ASSIGNMENT. Only the lines from the one with "Building Photo - Normal" through the last line of the data below are to be duplicated, exactly and without pictures.
---------- EXTRACTED DATA
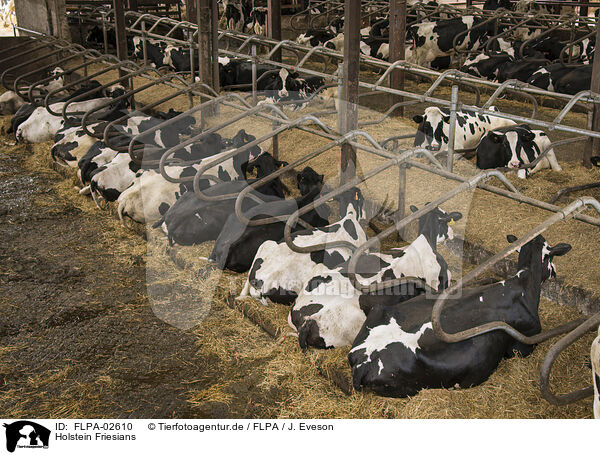 Holstein Friesians / FLPA-02610
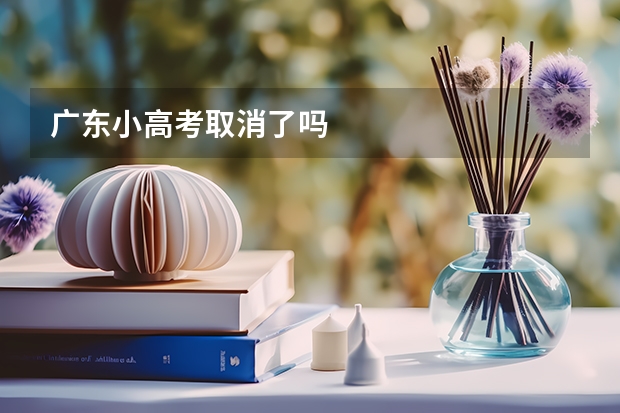 广东小高考取消了吗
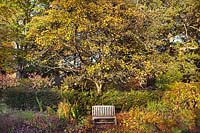 Bench seat on the main lawn with a large Malus 'James Grieve' apple tree, Taxus baccata yew hedge and Cornus alba 'Spaethii' yellow dogwood on the Cornus Walk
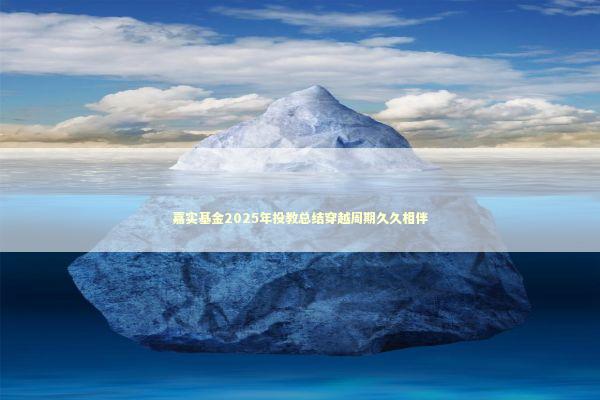 嘉实基金2025年投教总结穿越周期久久相伴 新闻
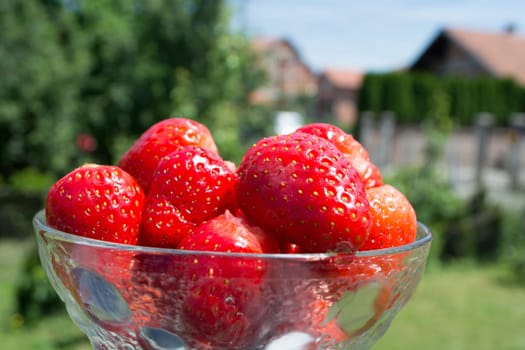Glass bowl full of fresh strawberries  with blurred background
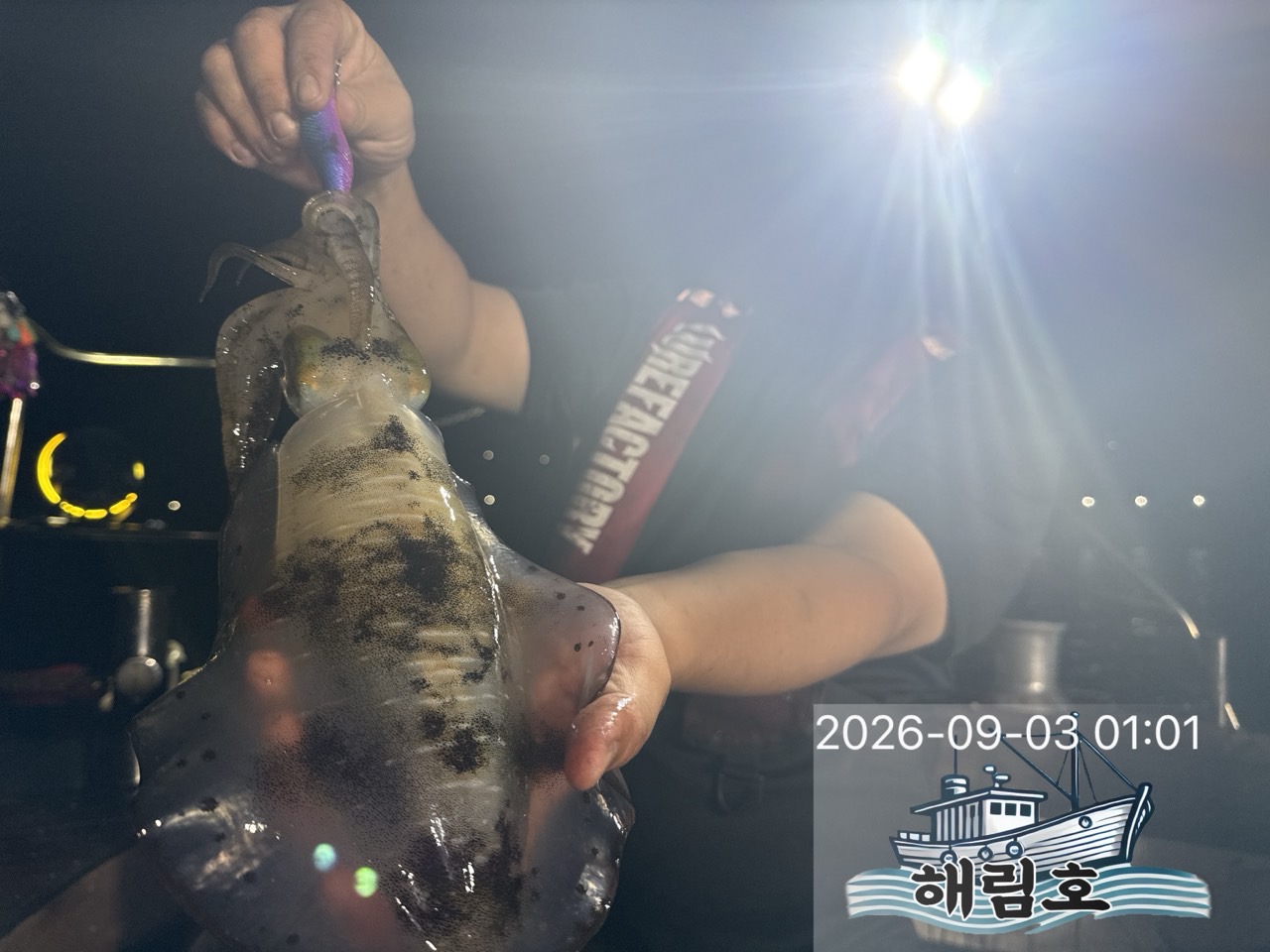 9월 2일 여수 무늬오징어 선상낚시 조황 현장 사진 9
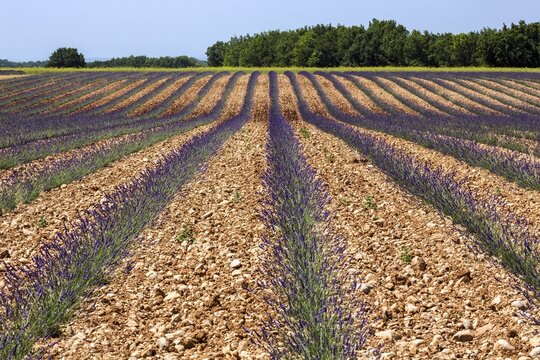 Lavender field, flowering true lavender (Lavandula angustifolia), near Valensole, Provence, Provence-Alpes-Cote d Azur, South of France, France
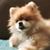 Nancy Wallace Shaler's profile image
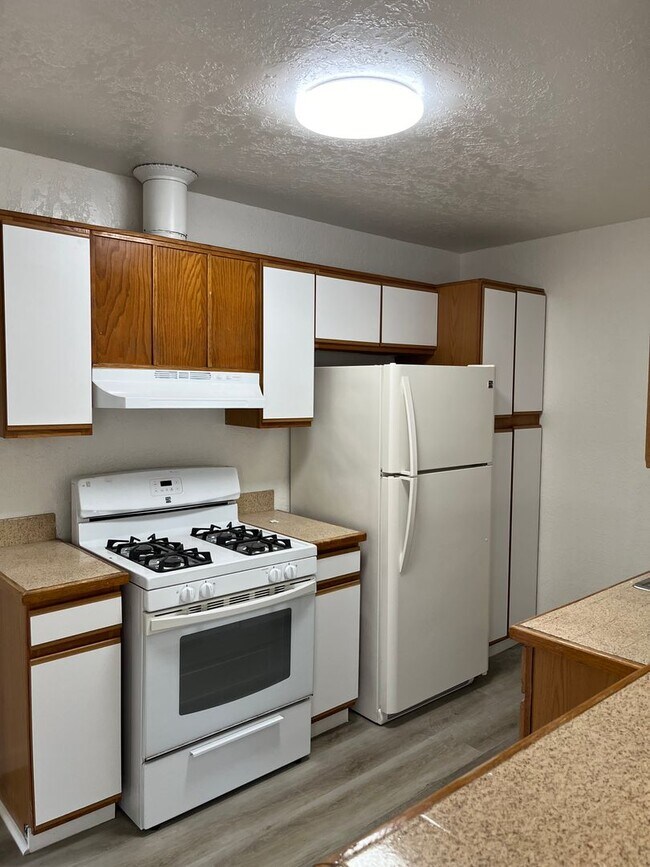 Building Photo - Normal Heights / Kensington 1 BR/1BA Cotta...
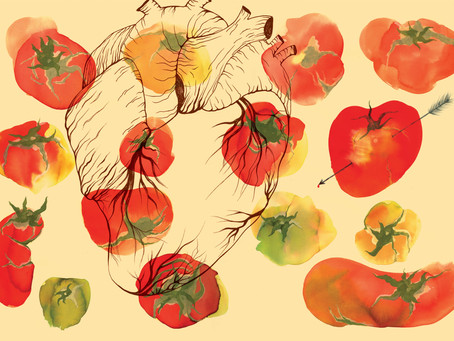 BREAKING NEWS: Real tomatoes are ugly! A new ZW free webinar series. 爆炸新闻：真正的番茄不好看！五R零最新webinar系列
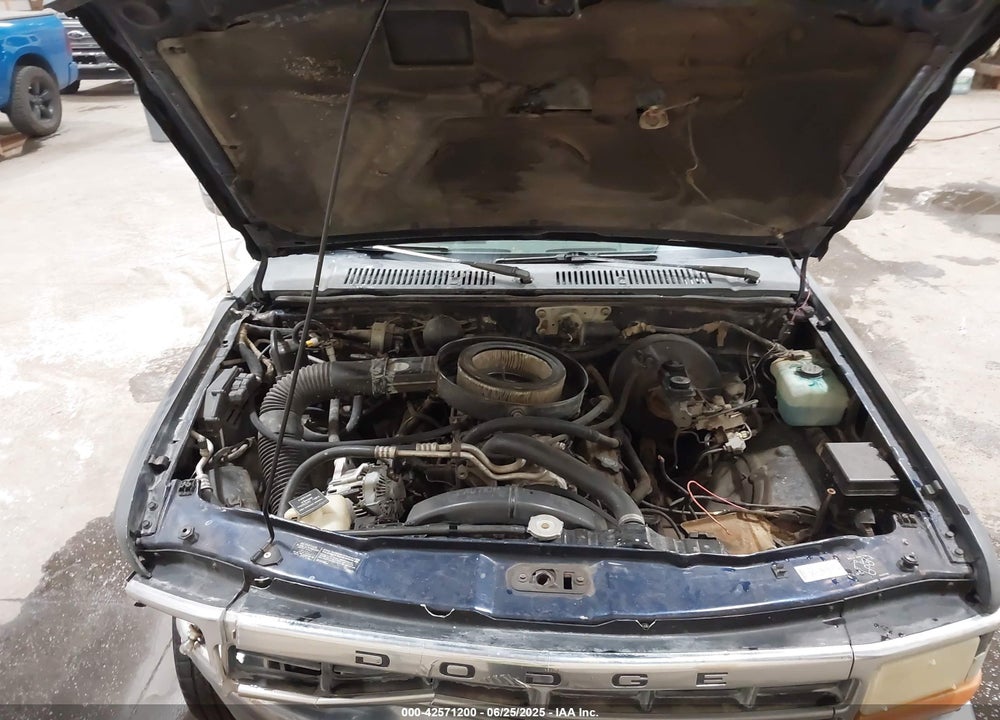 1994 DODGE DAKOTA VIN: 1B7GG23Y7RS709954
--------------------
EXERCISE RESULT.
 Building Photo - Normal Heights / Kensington 1 BR/1BA Cotta...
 BREAKING NEWS: Real tomatoes are ugly! A new ZW free webinar series. 爆炸新闻：真正的番茄不好看！五R零最新webinar系列
 1994 DODGE DAKOTA VIN: 1B7GG23Y7RS709954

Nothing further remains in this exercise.